Top of Exercise materials

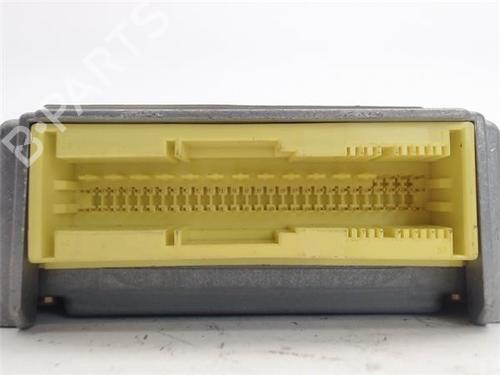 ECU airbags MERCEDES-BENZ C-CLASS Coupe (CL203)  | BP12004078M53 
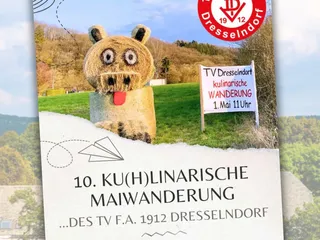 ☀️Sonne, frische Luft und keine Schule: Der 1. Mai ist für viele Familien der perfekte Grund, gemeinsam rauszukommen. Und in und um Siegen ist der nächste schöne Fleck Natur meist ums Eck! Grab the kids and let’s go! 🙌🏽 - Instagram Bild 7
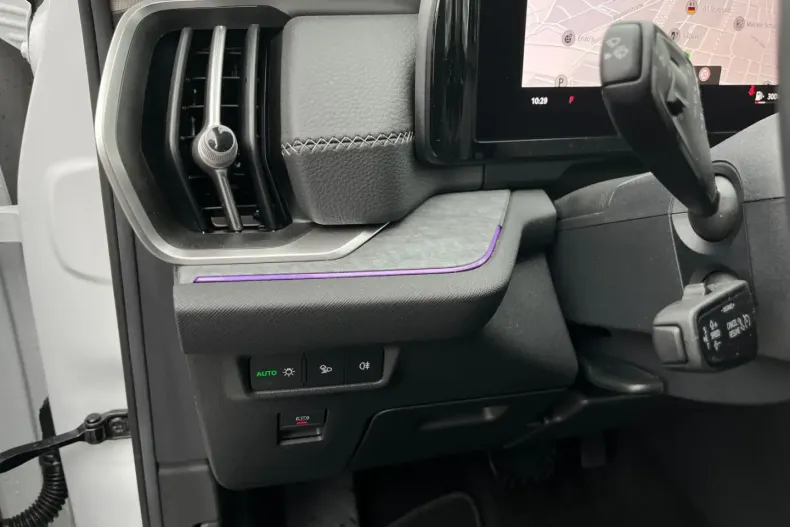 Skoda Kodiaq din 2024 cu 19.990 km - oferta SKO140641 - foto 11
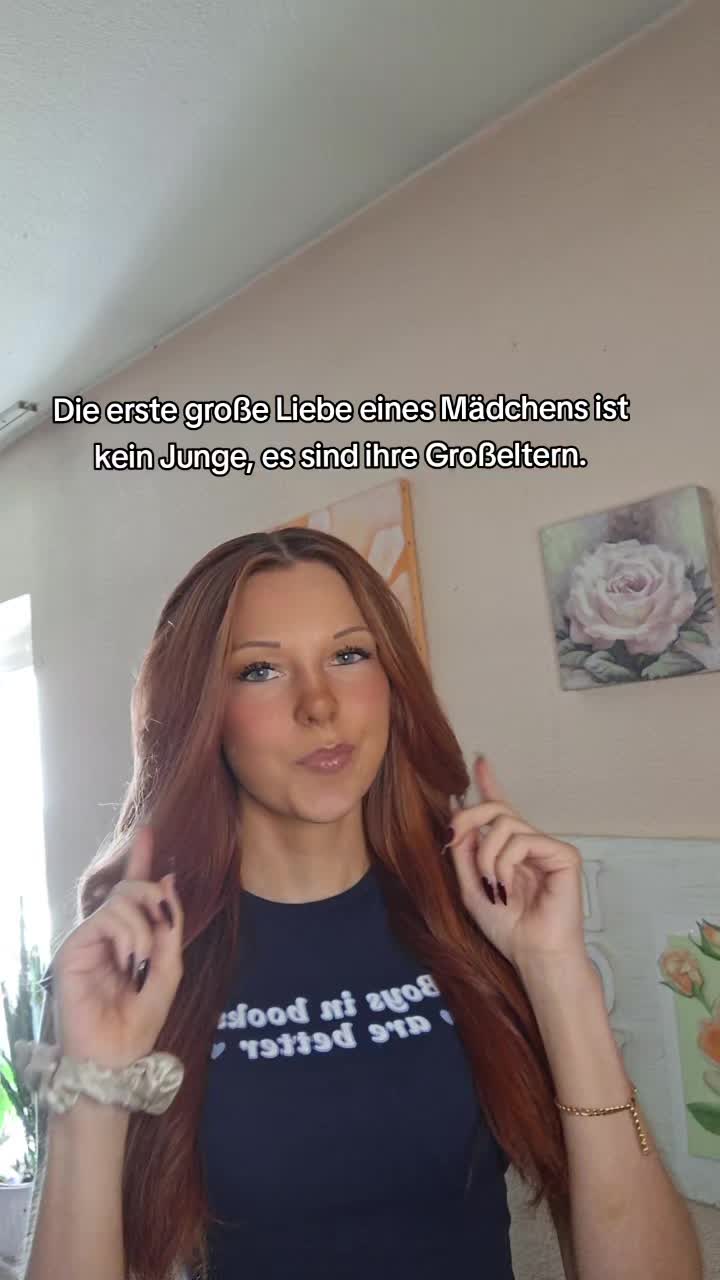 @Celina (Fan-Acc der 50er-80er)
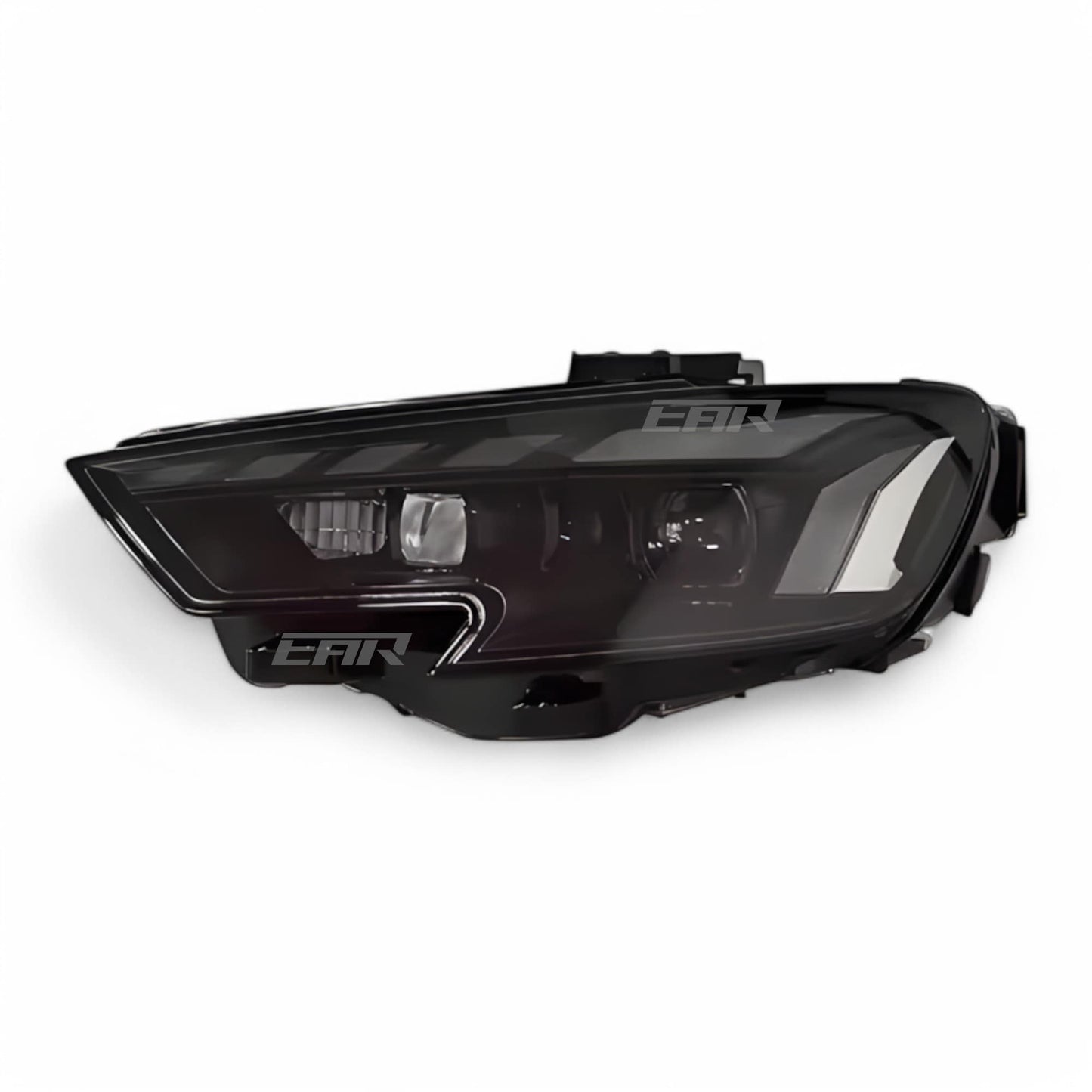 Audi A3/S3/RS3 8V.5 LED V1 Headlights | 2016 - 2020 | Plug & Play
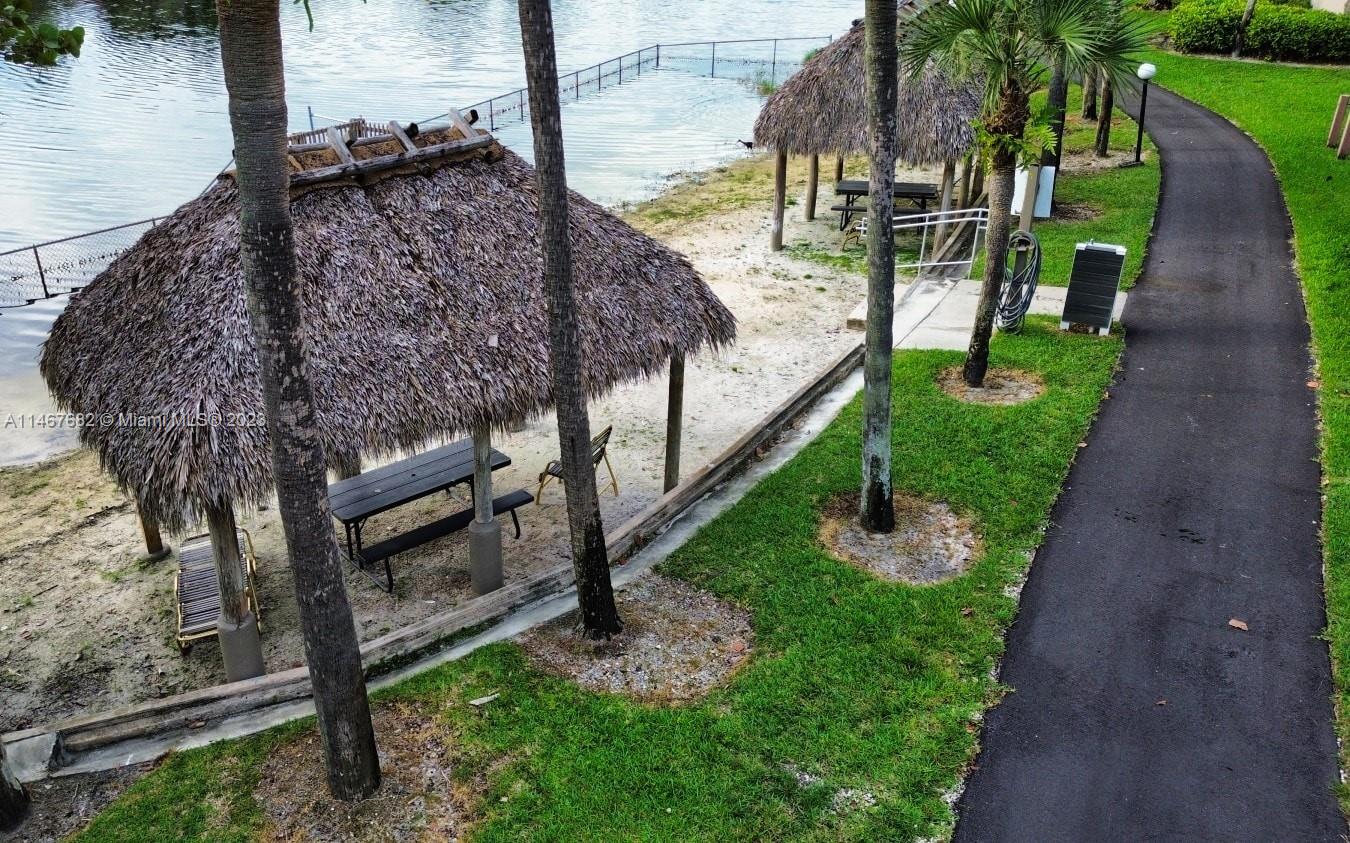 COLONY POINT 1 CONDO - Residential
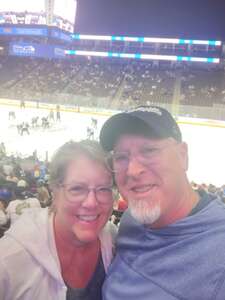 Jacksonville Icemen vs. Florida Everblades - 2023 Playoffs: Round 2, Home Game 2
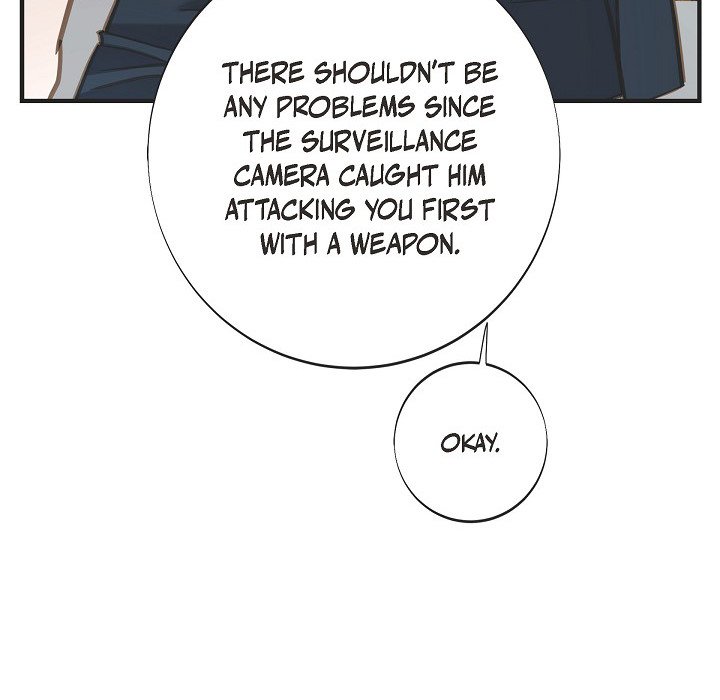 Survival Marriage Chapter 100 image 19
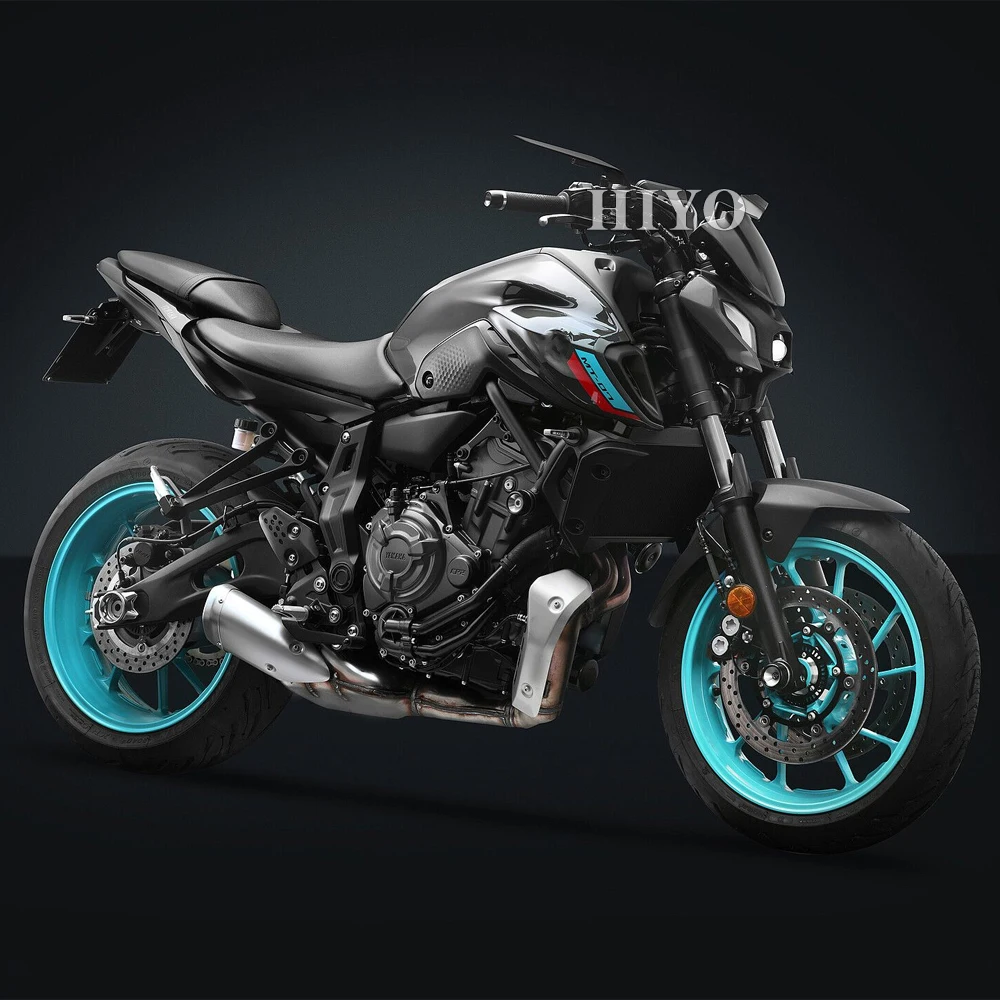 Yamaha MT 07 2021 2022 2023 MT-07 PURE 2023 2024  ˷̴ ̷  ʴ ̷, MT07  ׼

Bottom of Exercise materials

In the records above, locate the line with "(Fan-Acc der 50er-80er)"; output it and each line after it through the last one, exactly, omitting pictures.

Output –
 @Celina (Fan-Acc der 50er-80er)
 Audi A3/S3/RS3 8V.5 LED V1 Headlights | 2016 - 2020 | Plug & Play
 COLONY POINT 1 CONDO - Residential
 Jacksonville Icemen vs. Florida Everblades - 2023 Playoffs: Round 2, Home Game 2
 Survival Marriage Chapter 100 image 19
 Yamaha MT 07 2021 2022 2023 MT-07 PURE 2023 2024  ˷̴ ̷  ʴ ̷, MT07  ׼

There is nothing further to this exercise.